Le comité de pilotage propose une piste supplémentaire : la création d’un statut de « société à mission d’information », où l’association de la rédaction au changement de son directeur serait obligatoire. Les aides de l’État à ces sociétés seraient bonifiées.

Revoir les règles sur la concentration des médias

La concentration de médias français entre les mains de groupes privés et quelques milliardaires (Vincent Bolloré, Daniel Kretinsky, Xavier Niel, Rodolphe Saadé…) est régulièrement pointée du doigt. Mais dans un environnement dominé par les plateformes et réseaux sociaux, il convient d’appliquer « une nouvelle régulation » des concentrations, prenant en compte « le pouvoir d’influence réel des médias ». L’Arcom, l’autorité de contrôle de l’audiovisuel, pourrait ensuite « mettre en œuvre un examen "à 360 degrés" du pluralisme ».

De surcroît, pour redistribuer aux médias d’information une partie de la richesse captée par les grandes plateformes, une contribution pourrait leur être imposée, assise sur les revenus de la publicité digitale.

Accélérer à l’échelle européenne

Il faut avoir un coup d’avance par rapport aux plateformes, presse le comité de pilotage des EGI. Depuis août 2023 dans l’UE, le règlement sur les services numériques (DSA) oblige les très grandes à plus de transparence et à des actions renforcées contre la haine en ligne et les infox. « L’acte II » doit être préparé, pour tenir compte des avancées technologiques, dont l’intelligence artificielle générative.

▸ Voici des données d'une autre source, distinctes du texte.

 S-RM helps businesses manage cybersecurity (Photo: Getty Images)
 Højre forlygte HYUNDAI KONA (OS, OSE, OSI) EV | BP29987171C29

Il est suggéré d’imposer aux plateformes d’offrir aux utilisateurs davantage de choix, pour un « pluralisme effectif des algorithmes ». Et si les plateformes sont devenues « les kiosques du XXIe siècle », elles ne doivent pas pouvoir déréférencer ou invisibiliser les sites d’information, selon un principe de non-discrimination.

Vers un droit de suite ? 

Les responsables des Etats généraux de l'information ont plaidé jeudi 12 septembre pour un « droit de suite » à leurs quinze propositions, formulées à l'issue de près d'un an de travaux, en demandant « aux pouvoirs publics et à l'interprofession » de s'en saisir.

« Tout n'est pas parfait, pas complet » et ce n'est pas « un ensemble de formules magiques » mais il faut « une sorte de droit de suite », a expliqué Bruno Patino, président du comité de pilotage indépendant des EGI, par ailleurs président d'Arte, lors de la restitution. « On souhaite de la volonté politique » pour « traduire les propositions en faits », a-t-il ensuite insisté, alors que la formation du gouvernement Barnier est attendue. Nombre de mesures doivent passer par la loi, mais certaines, par exemple sur l'éducation aux médias ou la sensibilisation à la désinformation, peuvent être directement mises en œuvre par l'exécutif. D'autres relèvent de l'Union européenne.

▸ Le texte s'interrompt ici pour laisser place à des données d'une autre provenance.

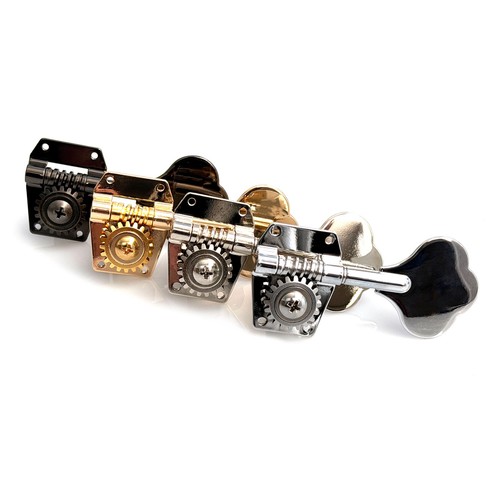 Vintage style bass tuners - bass,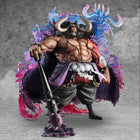 Megahouse One Piece P.O.P. WA - MAXIMUM - Kaido The Beast - L’emporio dell’avventuriero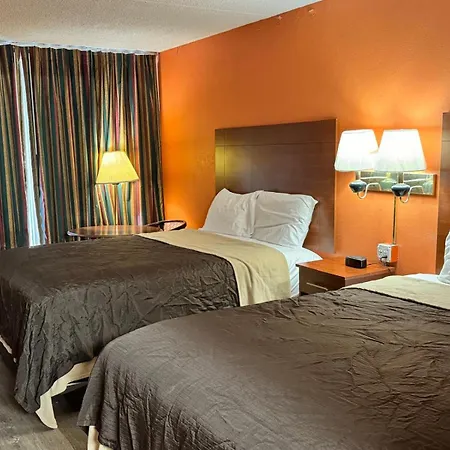 College Inn Spartanburg-2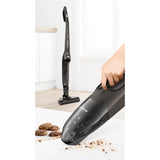 Bosch oplaadbare stofzuiger readyy'y 16vmax steelstofzuiger (donkergrijs) - afbeelding 5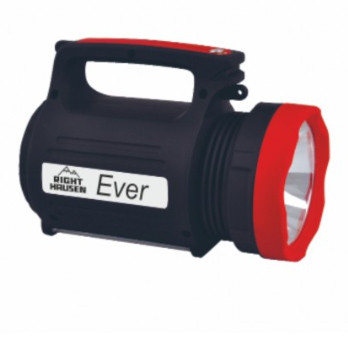 Ліхтар акумуляторний Right Hausen Ever 5W + 22smd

Des propositions « extrêmement timides »

Le comité de pilotage a aussi fait deux recommandations « aux professionnels de l'information » : s'engager dans une démarche de « labellisation » pour « renforcer la confiance » du public, et construire « un outil de gestion collective » pour faire face aux grandes plateformes. Pour répondre à la commande présidentielle, le comité de pilotage s'est inspiré des conclusions de cinq groupes de travail, de quelque 175 auditions et de consultations du public, laissant de côté certaines pistes coercitives ou coûteuses, au risque de faire des insatisfaits.

François Bonnet, président du Fonds pour une presse libre (FPL), a jugé les propositions « extrêmement timides » et « peu en prise avec la situation vécue dans les rédactions » où des pressions rédactionnelles, économiques ou sociales peuvent exister. La députée écologiste Sophie Taillé-Polian a en particulier regretté « l'absence de l'instauration d'un droit d'agrément pour les rédactions » pour la nomination de leurs directeurs.

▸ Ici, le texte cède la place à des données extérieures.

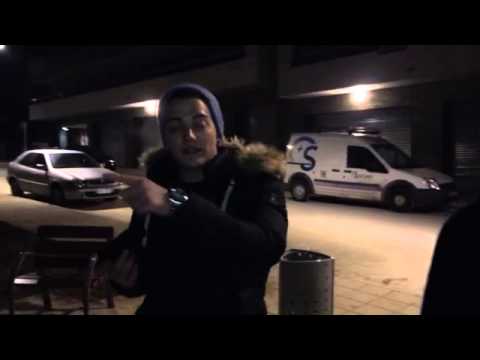 SH Live 2.0 " Pasan los años " Diktion y Memory7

La présidente de la Fédération internationale des journalistes (FIJ) Dominique Pradalié a également dit sa « déception » sur la protection du secret des sources ou l'auto-régulation de la presse. Les responsables des EGI ont rappelé leur mission, « garantir le droit à l'information », et qu'ils n'entendaient servir aucun intérêt économique ou catégorie professionnelle.